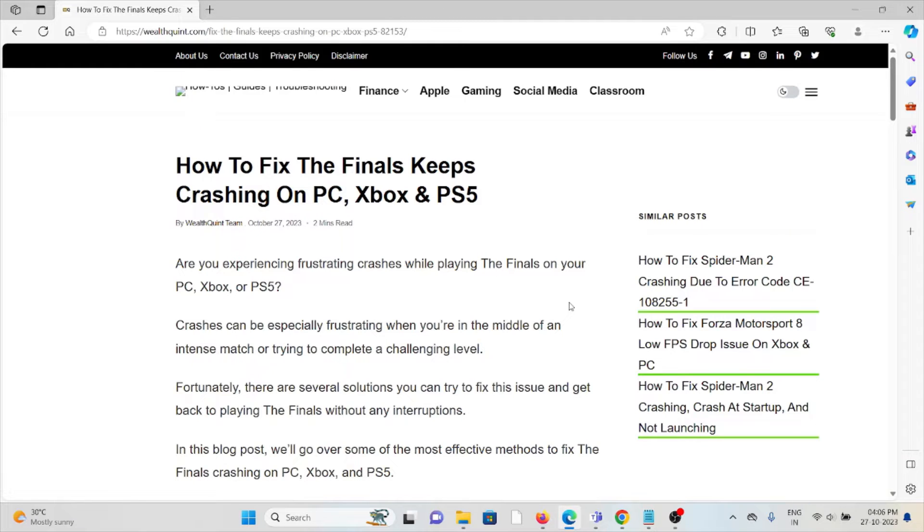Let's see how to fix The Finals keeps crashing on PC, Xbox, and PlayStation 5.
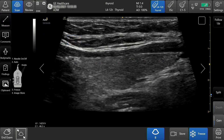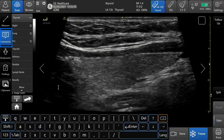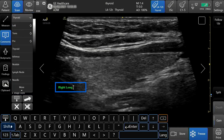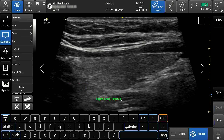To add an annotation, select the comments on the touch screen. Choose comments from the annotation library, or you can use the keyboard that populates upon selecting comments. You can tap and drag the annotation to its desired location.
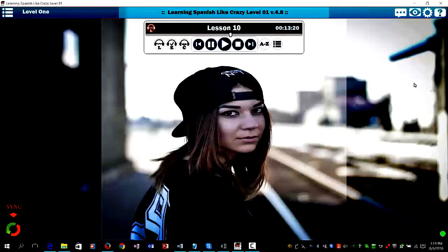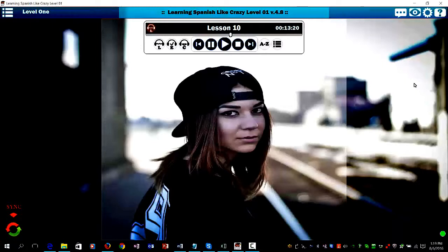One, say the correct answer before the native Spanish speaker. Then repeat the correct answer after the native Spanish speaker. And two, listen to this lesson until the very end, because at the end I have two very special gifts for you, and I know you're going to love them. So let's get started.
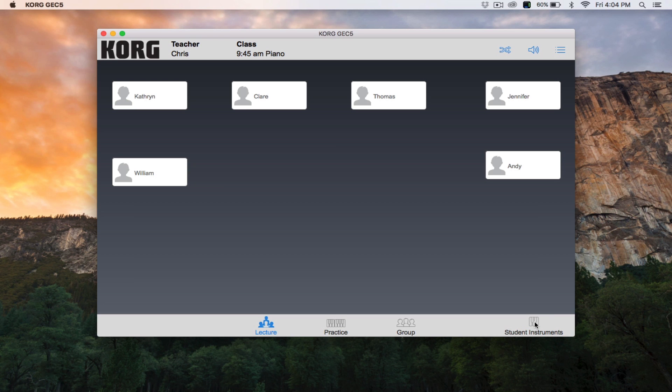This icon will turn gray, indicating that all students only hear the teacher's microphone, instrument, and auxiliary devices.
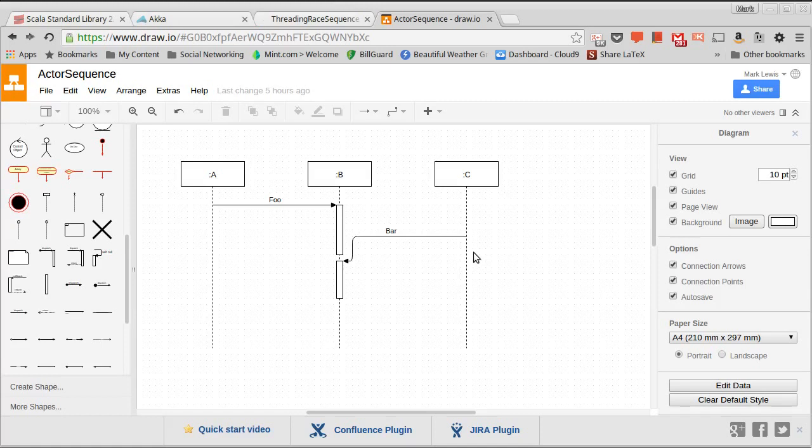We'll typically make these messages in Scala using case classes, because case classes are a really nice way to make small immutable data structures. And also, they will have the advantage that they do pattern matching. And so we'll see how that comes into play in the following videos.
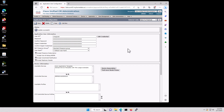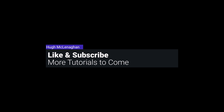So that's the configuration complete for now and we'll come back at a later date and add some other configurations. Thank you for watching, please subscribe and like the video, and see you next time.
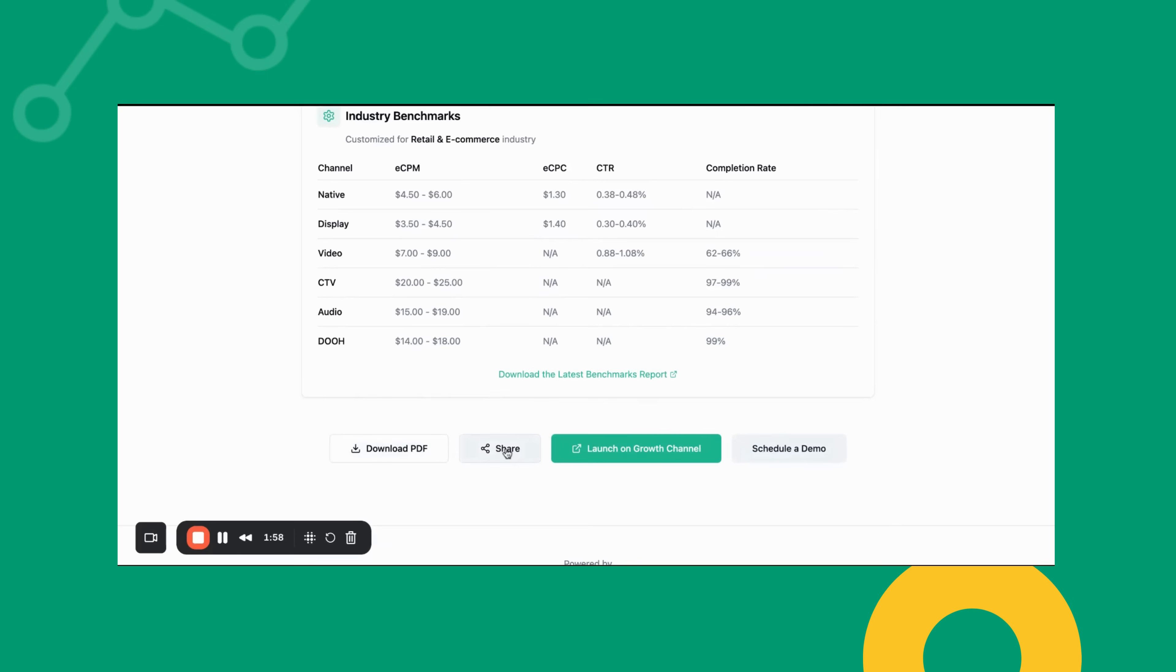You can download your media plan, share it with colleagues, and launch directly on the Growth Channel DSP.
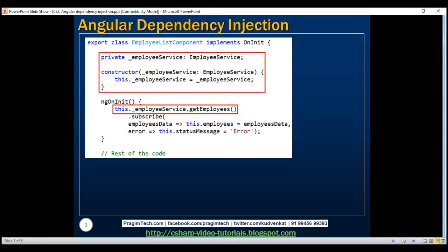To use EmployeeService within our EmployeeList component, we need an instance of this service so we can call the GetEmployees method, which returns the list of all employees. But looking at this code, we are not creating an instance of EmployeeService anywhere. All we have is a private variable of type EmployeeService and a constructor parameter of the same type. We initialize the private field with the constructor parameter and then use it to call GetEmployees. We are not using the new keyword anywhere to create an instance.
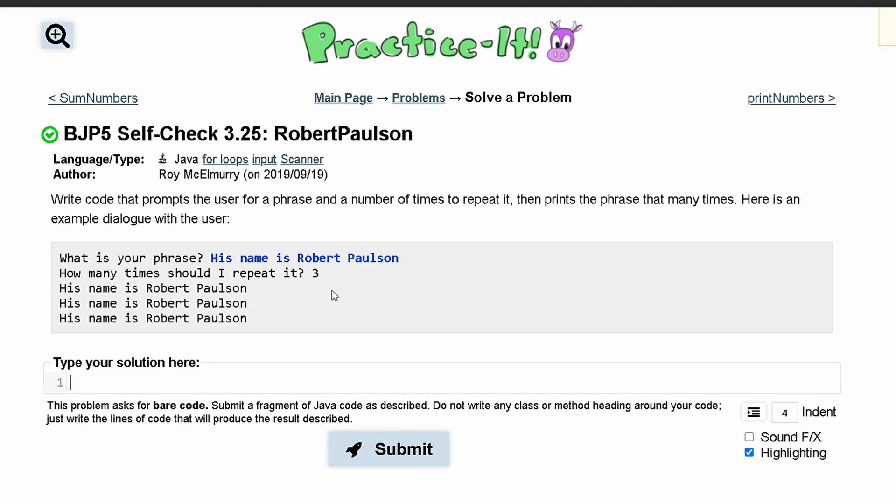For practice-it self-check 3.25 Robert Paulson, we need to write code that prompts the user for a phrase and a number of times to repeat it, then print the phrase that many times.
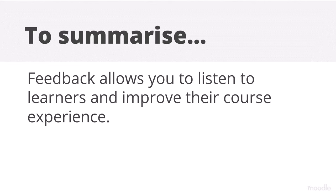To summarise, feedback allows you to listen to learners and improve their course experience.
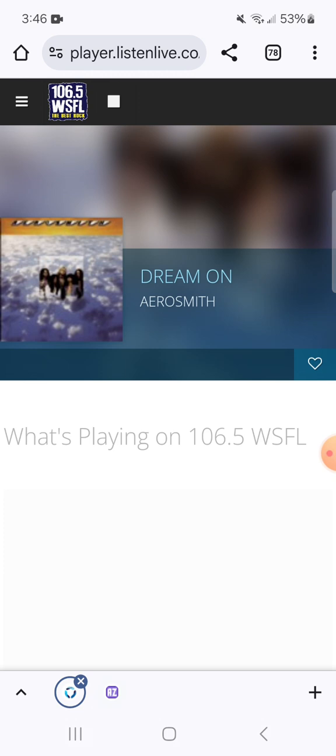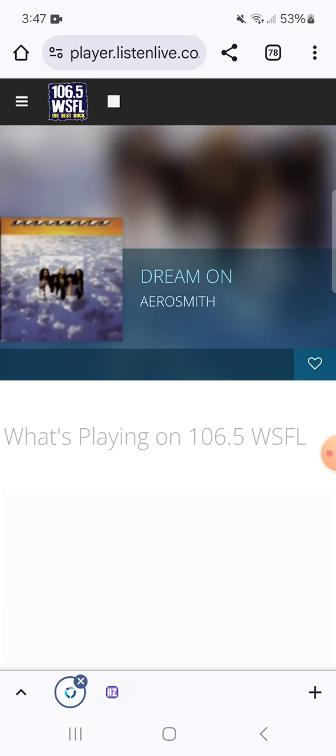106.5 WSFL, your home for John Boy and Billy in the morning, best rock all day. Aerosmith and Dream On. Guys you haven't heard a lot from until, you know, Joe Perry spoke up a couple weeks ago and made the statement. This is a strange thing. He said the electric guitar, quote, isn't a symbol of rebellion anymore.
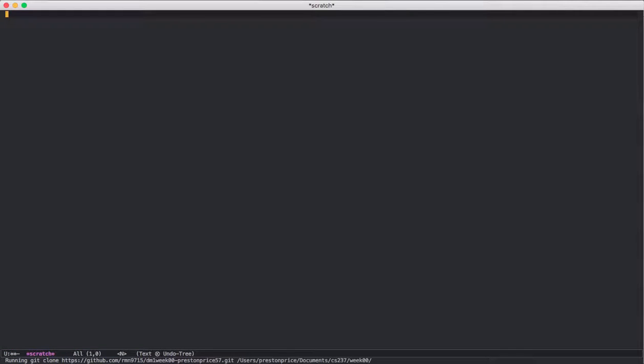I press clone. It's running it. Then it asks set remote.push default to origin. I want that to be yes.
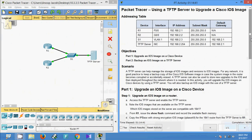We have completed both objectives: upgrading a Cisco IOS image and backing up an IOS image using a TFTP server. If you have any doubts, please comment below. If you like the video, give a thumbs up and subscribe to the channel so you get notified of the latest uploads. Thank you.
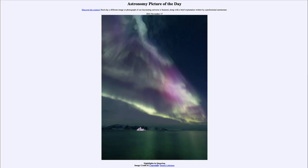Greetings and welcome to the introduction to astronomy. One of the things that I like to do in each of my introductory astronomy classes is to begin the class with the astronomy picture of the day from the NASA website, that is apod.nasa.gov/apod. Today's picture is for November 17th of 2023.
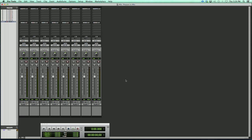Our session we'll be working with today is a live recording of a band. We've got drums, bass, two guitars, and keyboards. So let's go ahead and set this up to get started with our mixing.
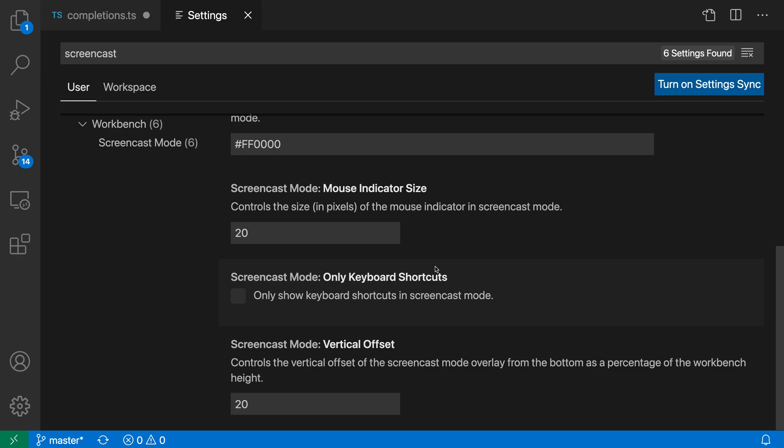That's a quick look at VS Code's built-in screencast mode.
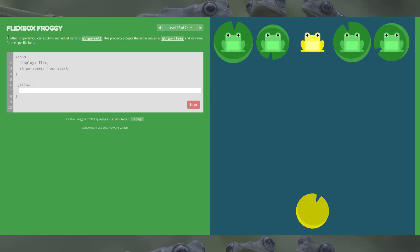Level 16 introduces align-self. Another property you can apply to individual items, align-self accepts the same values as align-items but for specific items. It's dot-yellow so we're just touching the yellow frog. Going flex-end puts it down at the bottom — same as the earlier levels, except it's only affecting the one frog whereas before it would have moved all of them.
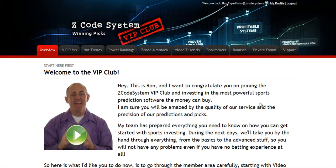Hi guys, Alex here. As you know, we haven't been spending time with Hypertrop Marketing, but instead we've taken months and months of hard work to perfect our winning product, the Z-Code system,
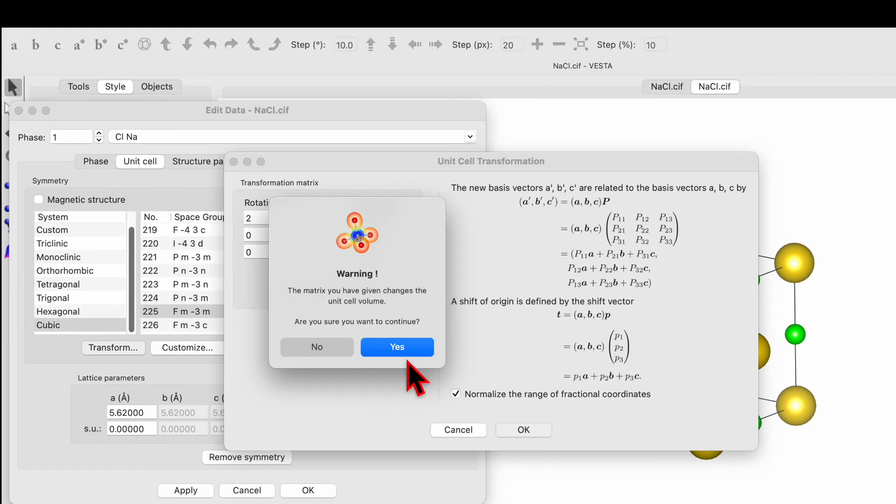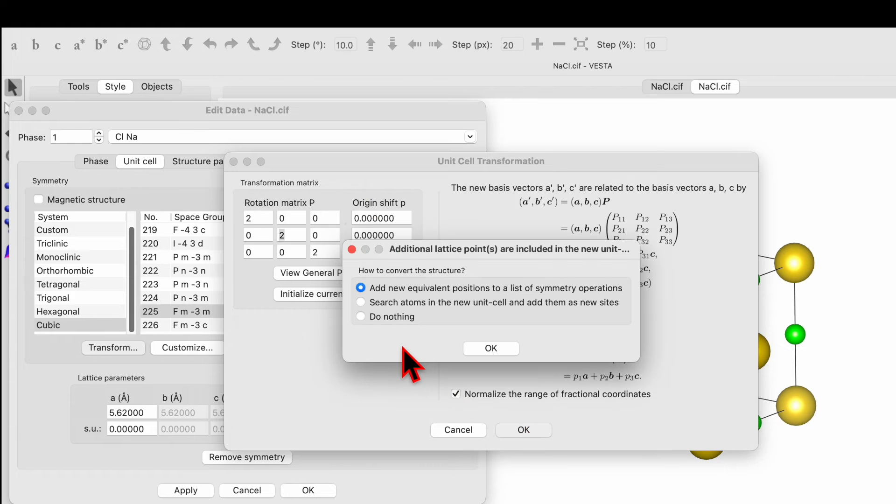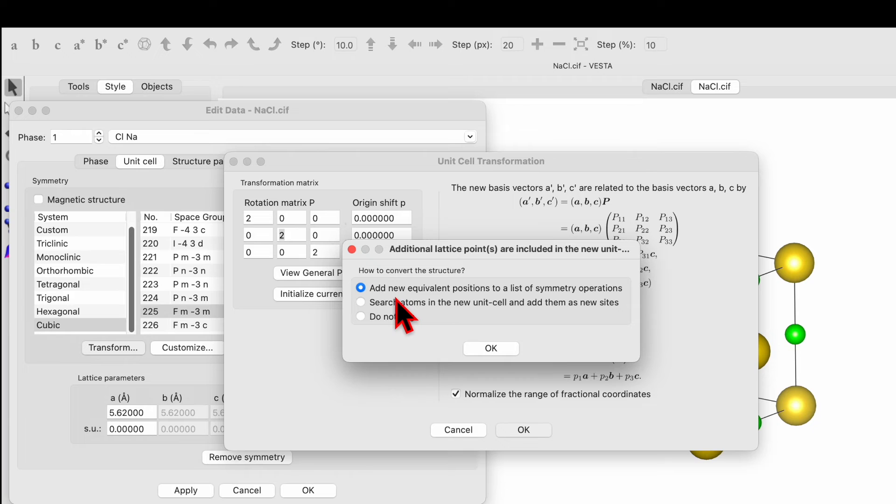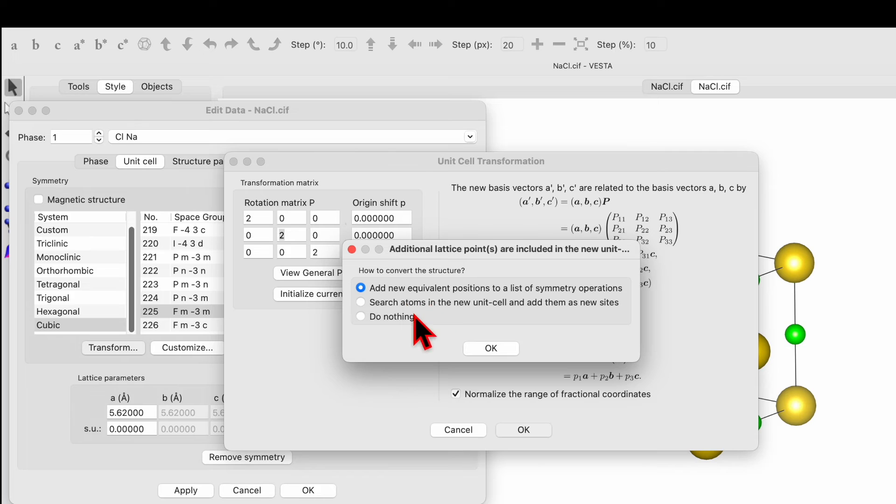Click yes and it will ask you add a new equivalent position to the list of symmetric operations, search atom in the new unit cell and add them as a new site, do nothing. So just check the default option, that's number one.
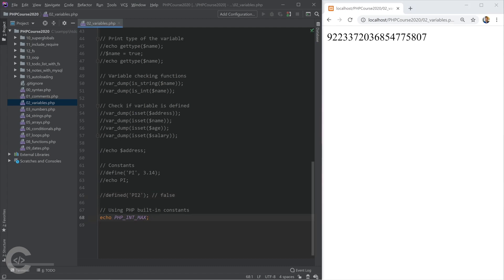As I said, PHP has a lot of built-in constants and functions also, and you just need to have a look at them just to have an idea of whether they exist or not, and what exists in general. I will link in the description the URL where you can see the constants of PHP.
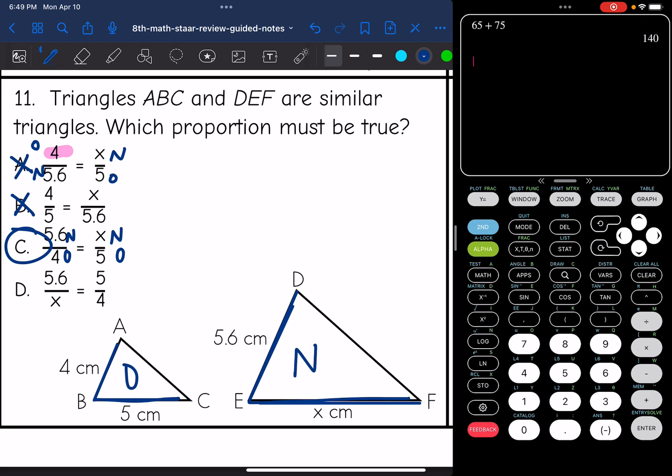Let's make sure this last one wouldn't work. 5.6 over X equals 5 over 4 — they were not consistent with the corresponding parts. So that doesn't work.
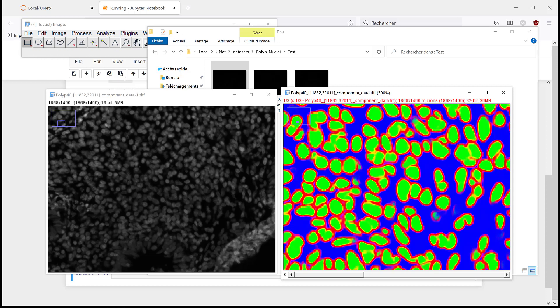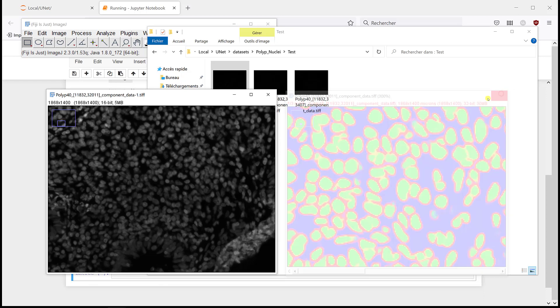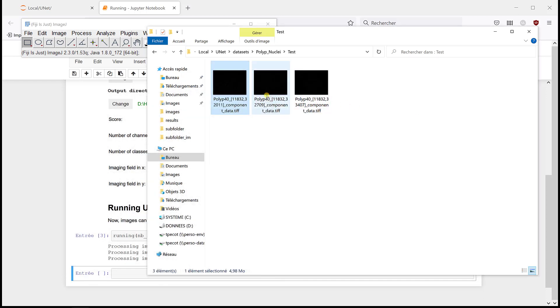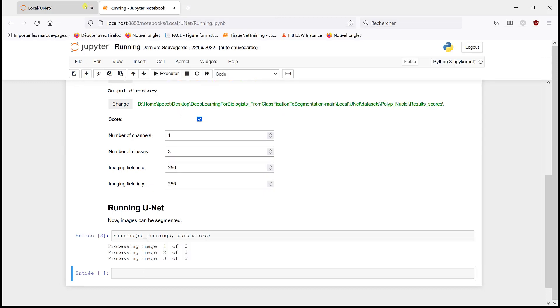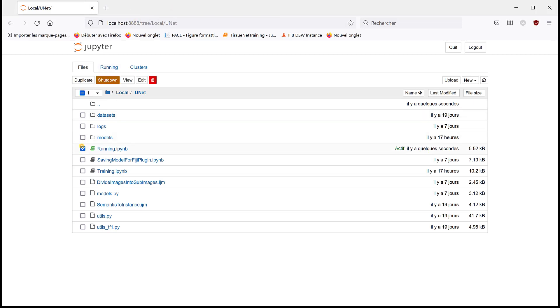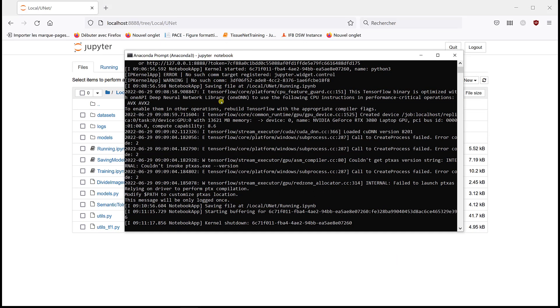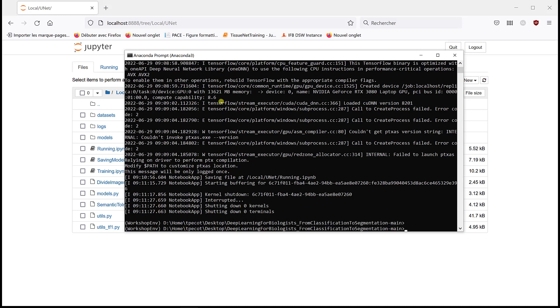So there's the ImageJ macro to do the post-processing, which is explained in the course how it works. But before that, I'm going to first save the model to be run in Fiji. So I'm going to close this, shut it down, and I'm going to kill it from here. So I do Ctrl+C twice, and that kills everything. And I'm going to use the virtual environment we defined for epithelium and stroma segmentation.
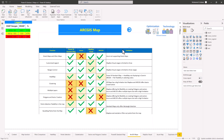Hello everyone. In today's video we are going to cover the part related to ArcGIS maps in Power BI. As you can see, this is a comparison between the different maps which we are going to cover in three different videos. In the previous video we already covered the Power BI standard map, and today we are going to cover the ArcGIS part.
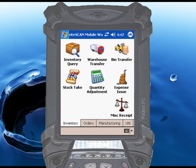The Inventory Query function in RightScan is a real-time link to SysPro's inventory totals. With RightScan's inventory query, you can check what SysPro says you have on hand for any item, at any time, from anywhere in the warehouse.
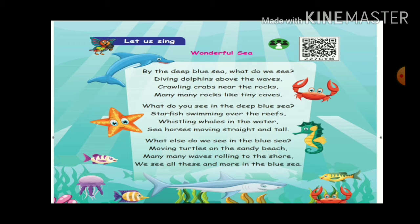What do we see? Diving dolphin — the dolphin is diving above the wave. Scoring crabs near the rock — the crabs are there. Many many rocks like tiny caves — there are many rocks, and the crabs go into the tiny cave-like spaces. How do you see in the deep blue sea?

########

WHAT YOU HAVE TO DO
The result should be an exact copy of only the lines above from the one that holds "Click yes and" through the one that holds "Let's make sure", both ends included, without pictures.

TASK RESULT
Click yes and it will ask you add a new equivalent position to the list of symmetric operations, search atom in the new unit cell and add them as a new site, do nothing. So just check the default option, that's number one.
As I said, PHP has a lot of built-in constants and functions also, and you just need to have a look at them just to have an idea of whether they exist or not, and what exists in general. I will link in the description the URL where you can see the constants of PHP.
Let's make sure this last one wouldn't work. 5.6 over X equals 5 over 4 — they were not consistent with the corresponding parts. So that doesn't work.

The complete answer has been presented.